* Directions: Please set down exactly the lines from the one containing "Ручка шариковая ECO" through the last line of the records below, both included, with no pictures.

= Beginning of Section =

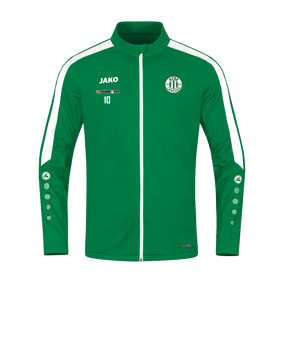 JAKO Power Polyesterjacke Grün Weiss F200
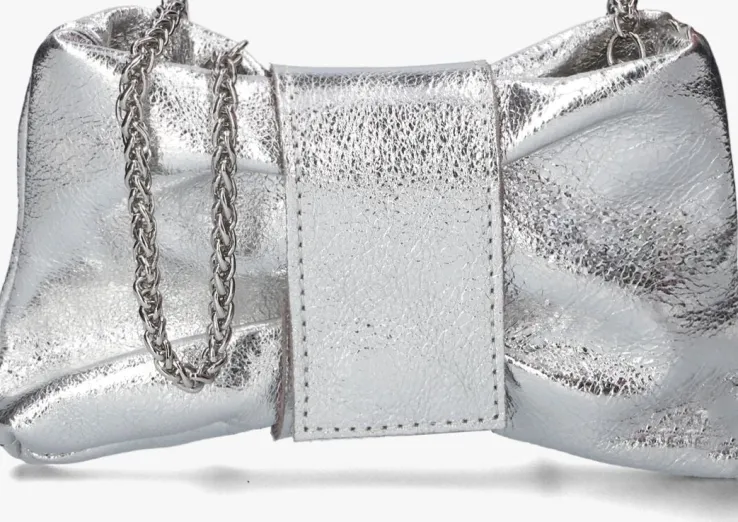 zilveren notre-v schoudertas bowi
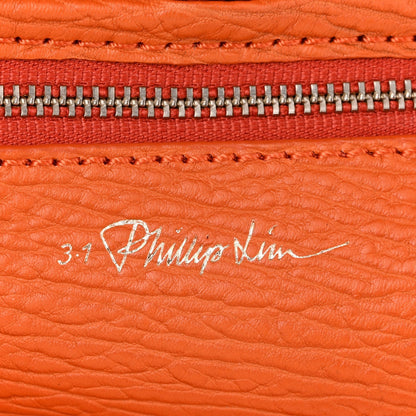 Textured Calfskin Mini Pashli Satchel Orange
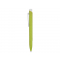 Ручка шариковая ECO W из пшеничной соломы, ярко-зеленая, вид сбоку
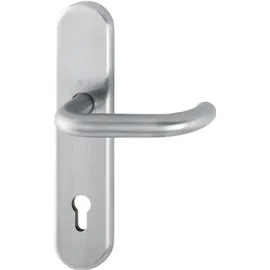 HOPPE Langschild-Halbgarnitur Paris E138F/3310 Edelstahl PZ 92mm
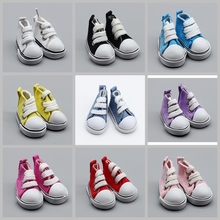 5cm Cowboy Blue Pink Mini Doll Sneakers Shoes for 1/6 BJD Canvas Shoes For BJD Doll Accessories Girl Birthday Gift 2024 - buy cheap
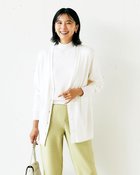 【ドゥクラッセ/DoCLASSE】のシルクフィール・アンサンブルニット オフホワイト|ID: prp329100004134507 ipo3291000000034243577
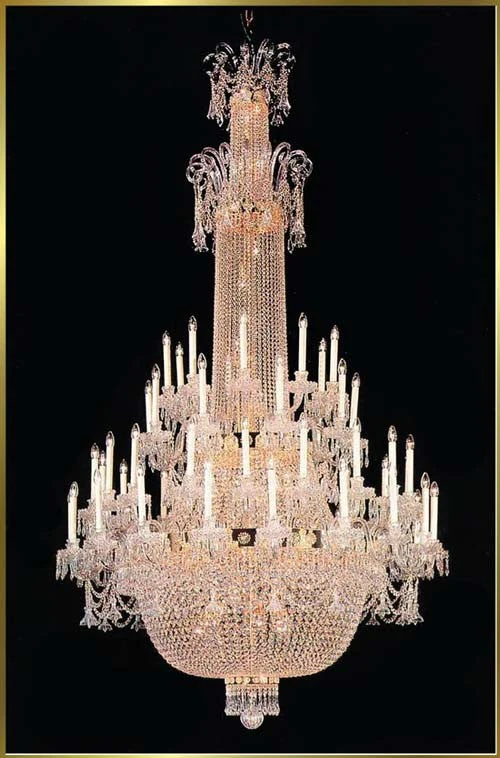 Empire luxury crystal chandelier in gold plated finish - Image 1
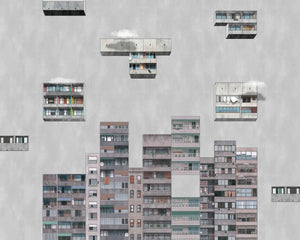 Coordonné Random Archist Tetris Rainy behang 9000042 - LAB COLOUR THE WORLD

= End of Section =

* Finished exercise:
 Ручка шариковая ECO W из пшеничной соломы, ярко-зеленая, вид сбоку
 HOPPE Langschild-Halbgarnitur Paris E138F/3310 Edelstahl PZ 92mm
 5cm Cowboy Blue Pink Mini Doll Sneakers Shoes for 1/6 BJD Canvas Shoes For BJD Doll Accessories Girl Birthday Gift 2024 - buy cheap
 【ドゥクラッセ/DoCLASSE】のシルクフィール・アンサンブルニット オフホワイト|ID: prp329100004134507 ipo3291000000034243577
 Empire luxury crystal chandelier in gold plated finish - Image 1
 Coordonné Random Archist Tetris Rainy behang 9000042 - LAB COLOUR THE WORLD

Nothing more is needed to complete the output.